Requirement - Go through the data line by line. Copy each one holding the string "Heels".

[Caption-style text data]
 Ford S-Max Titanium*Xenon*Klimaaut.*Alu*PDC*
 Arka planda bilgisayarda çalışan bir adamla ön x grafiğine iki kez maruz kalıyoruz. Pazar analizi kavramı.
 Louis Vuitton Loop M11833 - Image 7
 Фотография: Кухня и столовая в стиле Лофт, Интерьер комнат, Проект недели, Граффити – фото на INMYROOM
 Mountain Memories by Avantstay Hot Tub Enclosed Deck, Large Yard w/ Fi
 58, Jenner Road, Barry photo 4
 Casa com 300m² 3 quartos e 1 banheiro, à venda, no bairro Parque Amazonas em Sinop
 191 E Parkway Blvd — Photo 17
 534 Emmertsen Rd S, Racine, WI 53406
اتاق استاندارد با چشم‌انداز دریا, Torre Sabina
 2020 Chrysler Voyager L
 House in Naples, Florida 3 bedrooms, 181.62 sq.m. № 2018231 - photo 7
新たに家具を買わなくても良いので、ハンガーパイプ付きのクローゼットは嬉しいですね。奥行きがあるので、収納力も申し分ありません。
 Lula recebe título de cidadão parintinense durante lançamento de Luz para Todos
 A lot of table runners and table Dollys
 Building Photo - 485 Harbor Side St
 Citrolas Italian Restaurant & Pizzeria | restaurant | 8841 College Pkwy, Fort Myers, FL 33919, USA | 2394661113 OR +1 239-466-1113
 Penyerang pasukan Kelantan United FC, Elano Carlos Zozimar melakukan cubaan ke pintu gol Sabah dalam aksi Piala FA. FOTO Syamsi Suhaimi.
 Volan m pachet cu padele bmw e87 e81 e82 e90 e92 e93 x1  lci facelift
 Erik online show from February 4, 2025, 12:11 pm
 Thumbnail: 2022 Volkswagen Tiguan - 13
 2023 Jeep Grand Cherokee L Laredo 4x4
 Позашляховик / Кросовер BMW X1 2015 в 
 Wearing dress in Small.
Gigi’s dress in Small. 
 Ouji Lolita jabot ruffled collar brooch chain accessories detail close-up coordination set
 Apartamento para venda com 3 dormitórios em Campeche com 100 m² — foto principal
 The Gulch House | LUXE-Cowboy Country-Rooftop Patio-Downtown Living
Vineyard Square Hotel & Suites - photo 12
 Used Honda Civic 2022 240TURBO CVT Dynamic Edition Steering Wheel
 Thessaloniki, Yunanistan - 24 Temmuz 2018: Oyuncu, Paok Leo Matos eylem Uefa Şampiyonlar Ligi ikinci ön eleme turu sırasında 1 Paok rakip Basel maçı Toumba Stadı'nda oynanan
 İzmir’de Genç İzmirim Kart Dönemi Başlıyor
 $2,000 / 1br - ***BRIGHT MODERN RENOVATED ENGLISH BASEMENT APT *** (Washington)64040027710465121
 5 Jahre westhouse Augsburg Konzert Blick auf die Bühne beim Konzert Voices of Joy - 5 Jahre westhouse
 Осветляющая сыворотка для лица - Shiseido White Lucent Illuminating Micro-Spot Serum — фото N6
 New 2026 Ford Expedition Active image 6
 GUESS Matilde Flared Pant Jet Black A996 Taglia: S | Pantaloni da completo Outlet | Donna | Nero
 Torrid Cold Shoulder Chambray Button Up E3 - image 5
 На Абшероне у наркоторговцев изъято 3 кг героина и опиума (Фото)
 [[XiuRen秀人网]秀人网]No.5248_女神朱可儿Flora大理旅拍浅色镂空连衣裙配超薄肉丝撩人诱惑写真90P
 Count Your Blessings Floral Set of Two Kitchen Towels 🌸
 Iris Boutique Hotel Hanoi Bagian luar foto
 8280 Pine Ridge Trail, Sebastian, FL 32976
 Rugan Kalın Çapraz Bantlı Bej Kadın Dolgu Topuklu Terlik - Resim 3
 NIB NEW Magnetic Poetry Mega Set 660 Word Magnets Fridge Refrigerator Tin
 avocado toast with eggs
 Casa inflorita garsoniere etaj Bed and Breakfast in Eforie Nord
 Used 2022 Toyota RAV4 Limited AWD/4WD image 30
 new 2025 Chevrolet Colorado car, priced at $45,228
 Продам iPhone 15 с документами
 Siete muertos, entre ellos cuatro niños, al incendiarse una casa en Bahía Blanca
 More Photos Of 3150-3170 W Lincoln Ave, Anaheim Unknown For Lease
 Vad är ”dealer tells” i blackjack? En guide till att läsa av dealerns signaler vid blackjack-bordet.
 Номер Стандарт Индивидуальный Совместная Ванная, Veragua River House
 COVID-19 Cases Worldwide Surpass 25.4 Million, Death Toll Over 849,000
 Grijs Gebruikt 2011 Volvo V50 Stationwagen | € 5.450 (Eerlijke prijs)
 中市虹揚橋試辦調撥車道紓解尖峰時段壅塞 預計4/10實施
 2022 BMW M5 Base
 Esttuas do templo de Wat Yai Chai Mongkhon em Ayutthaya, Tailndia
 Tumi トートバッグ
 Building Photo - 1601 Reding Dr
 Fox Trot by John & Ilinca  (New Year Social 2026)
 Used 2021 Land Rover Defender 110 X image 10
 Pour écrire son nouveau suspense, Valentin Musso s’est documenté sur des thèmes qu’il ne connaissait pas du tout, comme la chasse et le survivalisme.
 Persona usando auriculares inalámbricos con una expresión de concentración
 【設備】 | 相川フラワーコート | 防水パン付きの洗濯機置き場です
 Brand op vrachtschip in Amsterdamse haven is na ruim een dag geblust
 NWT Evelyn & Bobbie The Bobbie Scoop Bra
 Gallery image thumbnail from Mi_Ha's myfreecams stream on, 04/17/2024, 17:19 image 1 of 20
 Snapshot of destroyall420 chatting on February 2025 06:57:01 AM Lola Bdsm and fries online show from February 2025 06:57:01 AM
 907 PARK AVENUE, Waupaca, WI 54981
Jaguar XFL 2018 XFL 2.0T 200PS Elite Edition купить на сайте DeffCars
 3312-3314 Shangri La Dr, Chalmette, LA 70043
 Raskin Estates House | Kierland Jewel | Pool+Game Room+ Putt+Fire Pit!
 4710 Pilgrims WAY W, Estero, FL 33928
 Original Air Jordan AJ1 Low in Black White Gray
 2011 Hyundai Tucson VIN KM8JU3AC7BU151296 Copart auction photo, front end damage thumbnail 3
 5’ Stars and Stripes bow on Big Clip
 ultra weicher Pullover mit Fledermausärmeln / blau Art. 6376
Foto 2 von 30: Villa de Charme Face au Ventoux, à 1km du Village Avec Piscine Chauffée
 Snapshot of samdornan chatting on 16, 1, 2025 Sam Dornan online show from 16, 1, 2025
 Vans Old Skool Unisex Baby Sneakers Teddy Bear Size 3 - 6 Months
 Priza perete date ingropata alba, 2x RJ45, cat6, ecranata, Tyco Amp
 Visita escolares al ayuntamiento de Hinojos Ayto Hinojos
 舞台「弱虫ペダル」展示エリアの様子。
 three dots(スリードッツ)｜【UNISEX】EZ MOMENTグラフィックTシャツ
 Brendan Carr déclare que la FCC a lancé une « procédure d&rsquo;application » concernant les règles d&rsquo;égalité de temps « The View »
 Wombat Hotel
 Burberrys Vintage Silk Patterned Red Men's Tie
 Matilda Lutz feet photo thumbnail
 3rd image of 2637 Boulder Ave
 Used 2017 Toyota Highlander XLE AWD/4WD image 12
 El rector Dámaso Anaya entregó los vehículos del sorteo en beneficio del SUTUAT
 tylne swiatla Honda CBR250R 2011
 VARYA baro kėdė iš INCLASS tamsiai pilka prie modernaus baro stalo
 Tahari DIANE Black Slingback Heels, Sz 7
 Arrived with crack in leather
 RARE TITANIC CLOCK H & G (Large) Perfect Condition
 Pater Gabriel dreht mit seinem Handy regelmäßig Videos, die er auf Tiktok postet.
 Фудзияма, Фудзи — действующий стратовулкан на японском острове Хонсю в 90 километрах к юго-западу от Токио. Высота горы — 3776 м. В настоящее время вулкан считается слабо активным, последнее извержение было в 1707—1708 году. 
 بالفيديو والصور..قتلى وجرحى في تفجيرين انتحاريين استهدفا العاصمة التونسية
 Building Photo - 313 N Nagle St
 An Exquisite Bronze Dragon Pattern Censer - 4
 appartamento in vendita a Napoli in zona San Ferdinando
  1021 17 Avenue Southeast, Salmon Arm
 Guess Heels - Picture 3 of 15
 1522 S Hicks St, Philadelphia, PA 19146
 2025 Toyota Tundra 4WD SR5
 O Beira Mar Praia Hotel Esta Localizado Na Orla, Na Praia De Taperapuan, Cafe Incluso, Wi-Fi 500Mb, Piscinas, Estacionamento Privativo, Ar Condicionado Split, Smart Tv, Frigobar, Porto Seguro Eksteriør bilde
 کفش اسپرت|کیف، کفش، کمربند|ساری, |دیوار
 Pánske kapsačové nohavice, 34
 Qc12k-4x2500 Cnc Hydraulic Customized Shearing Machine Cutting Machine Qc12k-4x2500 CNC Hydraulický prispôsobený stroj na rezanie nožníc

Solved problem -
 Tahari DIANE Black Slingback Heels, Sz 7
 Guess Heels - Picture 3 of 15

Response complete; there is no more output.